By David Moye
*Editor’s Note: This story was written by David Moye, not David Nelson as printed in the July issue.
When the summertime sizzle switches from surfboards to drawing boards, it’s time once again for Comic-Con. The event, billed as “the largest comic book and popular arts convention in the world,” lures a crowd of more than 125,000 to the Convention Center.
As legions of tourists dressed as Darth Vader transform Downtown into the pop culture center of the universe for a few days each July, it’s easy to overlook the fact that San Diego has a thriving comic book industry the other 51 weeks of the year, too.
Artist Jim Lee, for instance, who’s famous for his work on The Avengers and The Uncanny X-Men, is co-publisher of DC Comics (the company that gave the world Batman and Superman) and does most of his work at his office in La Jolla.
Meanwhile, IDW Publishing in Bay Park is one of the top five comics publishers in the world and is acclaimed for its work on popular movies and TV shows including Transformers, Star Trek and “CSI.”
In addition, America’s Finest is home to some of America’s finest comic artists, three of whom are drawn together here.

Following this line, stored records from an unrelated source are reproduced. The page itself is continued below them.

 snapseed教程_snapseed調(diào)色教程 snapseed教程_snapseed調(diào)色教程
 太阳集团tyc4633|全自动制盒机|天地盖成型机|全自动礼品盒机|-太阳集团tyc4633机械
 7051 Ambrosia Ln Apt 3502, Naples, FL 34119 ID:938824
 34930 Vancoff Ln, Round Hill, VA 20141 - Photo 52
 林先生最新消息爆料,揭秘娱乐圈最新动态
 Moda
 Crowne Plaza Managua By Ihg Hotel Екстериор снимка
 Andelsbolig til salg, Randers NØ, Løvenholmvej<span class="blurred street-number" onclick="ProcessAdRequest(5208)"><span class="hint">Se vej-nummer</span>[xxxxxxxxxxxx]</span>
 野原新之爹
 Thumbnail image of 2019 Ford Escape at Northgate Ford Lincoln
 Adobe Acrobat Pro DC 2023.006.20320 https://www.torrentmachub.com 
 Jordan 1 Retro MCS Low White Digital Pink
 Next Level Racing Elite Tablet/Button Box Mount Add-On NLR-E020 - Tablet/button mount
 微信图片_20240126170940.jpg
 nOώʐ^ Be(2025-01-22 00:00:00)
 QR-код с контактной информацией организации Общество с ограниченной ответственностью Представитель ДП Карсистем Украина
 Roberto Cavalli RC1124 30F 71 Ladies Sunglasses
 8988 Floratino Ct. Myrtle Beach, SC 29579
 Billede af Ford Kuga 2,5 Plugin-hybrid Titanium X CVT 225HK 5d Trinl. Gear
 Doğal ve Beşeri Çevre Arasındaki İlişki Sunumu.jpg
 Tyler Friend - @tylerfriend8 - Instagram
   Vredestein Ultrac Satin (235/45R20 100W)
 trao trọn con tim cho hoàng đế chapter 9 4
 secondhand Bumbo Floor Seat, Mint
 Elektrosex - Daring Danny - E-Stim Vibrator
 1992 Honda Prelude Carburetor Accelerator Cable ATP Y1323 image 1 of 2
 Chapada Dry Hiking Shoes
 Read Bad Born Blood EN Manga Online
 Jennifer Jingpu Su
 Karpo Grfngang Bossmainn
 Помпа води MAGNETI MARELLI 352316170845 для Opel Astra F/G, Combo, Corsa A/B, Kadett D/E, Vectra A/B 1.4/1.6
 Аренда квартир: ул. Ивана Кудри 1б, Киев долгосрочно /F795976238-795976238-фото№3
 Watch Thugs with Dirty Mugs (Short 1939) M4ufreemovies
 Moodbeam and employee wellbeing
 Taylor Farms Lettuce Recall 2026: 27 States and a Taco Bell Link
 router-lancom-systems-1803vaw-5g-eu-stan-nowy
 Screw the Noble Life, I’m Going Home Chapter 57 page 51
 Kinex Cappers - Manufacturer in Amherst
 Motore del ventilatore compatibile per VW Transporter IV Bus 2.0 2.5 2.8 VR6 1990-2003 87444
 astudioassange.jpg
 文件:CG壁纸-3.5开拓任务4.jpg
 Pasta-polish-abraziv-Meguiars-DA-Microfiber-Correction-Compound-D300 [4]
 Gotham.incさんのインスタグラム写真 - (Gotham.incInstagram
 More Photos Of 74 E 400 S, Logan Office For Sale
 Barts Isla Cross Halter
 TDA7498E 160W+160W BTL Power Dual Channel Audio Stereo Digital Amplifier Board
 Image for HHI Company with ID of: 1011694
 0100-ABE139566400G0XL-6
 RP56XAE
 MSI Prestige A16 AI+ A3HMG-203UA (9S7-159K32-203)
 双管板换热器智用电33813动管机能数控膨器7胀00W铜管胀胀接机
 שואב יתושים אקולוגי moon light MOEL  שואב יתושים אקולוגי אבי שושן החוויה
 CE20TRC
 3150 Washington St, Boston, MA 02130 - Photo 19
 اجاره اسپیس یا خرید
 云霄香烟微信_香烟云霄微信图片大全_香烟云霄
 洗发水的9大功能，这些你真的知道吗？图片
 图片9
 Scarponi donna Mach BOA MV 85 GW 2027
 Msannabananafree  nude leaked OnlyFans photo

A native of Atlanta, Joe Phillips came to San Diego 16 years ago. He describes his first Con as “four magical days” where he could “indulge in the sheer joy of looking at art and toys and not worry about anything.”
Phillips has drawn mainstream superheroes including The Incredible Hulk, X-Men and The Silver Surfer, but also creates fine art renditions that bring out the
gay subtext of familiar characters.
“Think about it,” he says. “A guy develops the ability to do something incredible, and the first thing he does is to wear something tight-fitting and colorful and tell the world, ‘I’m going to fight crime?’”
Phillips’ approach to comics is to treat them as a means of escape. “We’re not trying to change anyone’s views, just being thought-provoking and entertaining.”
Billy Martinez’s credits range from the publication Heavy Metal to The SyFy Channel’s “The Chronicle” and “Family Guy” trading cards, but his main focus is on creating original titles like “Wildflower,” an acclaimed series which recently celebrated its 15th anniversary; and “Kickass Girl,” which, like the artist himself, is based in San Diego.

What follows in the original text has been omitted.